Chevron shows COVID-19 resilience with $5 billion Noble Energy deal

Chevron has confirmed it will buy diversified energy firm Noble Energy in a deal that represents the first major outlay in the oil sector since the COVID-19 crisis destroyed fuel demand and sent prices to record lows.

The all-stock transaction is valued at US$5 billion, under which Noble shareholders will receive 0.1191 shares of Chevron for each Noble share. The total enterprise value of the transaction is $13 billion, including debt, Chevron said.

While this deal is significantly smaller than Chevron’s $33 billion bid for Anadarko last year, which was later withdrawn, it reflects a measure of resilience following the oil market crash earlier this year. The company ended the first quarter with a cash pile of $8.5 billion.

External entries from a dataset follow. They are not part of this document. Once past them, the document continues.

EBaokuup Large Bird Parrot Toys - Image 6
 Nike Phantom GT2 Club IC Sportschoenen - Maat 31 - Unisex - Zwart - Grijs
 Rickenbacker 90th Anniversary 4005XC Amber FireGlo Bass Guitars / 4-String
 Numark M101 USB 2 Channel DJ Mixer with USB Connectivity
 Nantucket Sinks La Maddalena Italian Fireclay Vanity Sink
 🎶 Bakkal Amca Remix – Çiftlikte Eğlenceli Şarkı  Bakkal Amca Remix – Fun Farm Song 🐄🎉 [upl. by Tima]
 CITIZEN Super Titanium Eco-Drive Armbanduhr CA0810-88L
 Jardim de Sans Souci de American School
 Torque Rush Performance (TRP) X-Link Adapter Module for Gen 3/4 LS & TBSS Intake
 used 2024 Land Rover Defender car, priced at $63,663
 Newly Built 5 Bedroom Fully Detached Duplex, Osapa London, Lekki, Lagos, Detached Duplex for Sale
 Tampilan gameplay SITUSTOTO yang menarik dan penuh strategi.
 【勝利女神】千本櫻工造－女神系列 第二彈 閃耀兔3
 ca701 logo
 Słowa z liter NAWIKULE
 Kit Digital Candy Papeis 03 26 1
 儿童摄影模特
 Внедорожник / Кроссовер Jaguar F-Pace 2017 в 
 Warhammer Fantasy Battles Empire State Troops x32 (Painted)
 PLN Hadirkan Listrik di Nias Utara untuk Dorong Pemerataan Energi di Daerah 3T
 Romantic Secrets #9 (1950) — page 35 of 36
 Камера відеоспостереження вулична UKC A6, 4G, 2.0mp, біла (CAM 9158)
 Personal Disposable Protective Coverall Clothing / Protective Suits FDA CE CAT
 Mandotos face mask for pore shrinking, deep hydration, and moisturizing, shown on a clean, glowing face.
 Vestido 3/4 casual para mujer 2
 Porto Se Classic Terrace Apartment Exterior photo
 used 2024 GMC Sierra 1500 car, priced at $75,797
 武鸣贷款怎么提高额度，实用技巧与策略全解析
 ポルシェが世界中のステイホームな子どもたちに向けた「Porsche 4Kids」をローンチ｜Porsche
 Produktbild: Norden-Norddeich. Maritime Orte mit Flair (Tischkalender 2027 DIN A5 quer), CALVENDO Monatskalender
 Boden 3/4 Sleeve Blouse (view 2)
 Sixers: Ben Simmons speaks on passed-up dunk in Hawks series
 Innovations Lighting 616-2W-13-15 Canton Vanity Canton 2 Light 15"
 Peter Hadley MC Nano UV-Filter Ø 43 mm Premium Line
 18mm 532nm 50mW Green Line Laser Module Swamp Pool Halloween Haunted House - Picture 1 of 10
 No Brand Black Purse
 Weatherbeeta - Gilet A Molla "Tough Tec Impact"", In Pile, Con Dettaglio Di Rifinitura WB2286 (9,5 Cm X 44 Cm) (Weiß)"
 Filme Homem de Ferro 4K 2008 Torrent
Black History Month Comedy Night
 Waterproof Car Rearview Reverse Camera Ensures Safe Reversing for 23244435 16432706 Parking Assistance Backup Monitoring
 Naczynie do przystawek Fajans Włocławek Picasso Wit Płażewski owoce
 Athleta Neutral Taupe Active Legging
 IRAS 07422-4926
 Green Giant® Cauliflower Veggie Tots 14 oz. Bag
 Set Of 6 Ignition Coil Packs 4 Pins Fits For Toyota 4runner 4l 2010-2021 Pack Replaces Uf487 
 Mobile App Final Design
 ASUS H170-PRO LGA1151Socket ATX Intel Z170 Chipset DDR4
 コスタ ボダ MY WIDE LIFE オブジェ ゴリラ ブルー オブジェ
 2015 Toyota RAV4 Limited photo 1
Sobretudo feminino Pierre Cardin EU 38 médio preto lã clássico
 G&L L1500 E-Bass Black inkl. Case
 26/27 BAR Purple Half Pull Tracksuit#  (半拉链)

The Noble purchase will boost Chevron’s portfolio of assets in the Permian, DJ and Eagle Ford basins in the US, and will see it become the first oil major to enter Israel via Noble’s flagship Leviathan offshore gas field.

Chevron’s CEO Mike Wirth highlighted to Reuters the ‘political differences and tensions’ between Israel and neighbouring states where the firm also has business, including Saudi Arabia, Kuwait, Qatar and the Kurdish region of Iraq.

He said Chevron was ‘apolitical’ and ‘a commercial actor’ in the region. “We engage with all of our different stakeholders as we go through something like this,” Wirth said.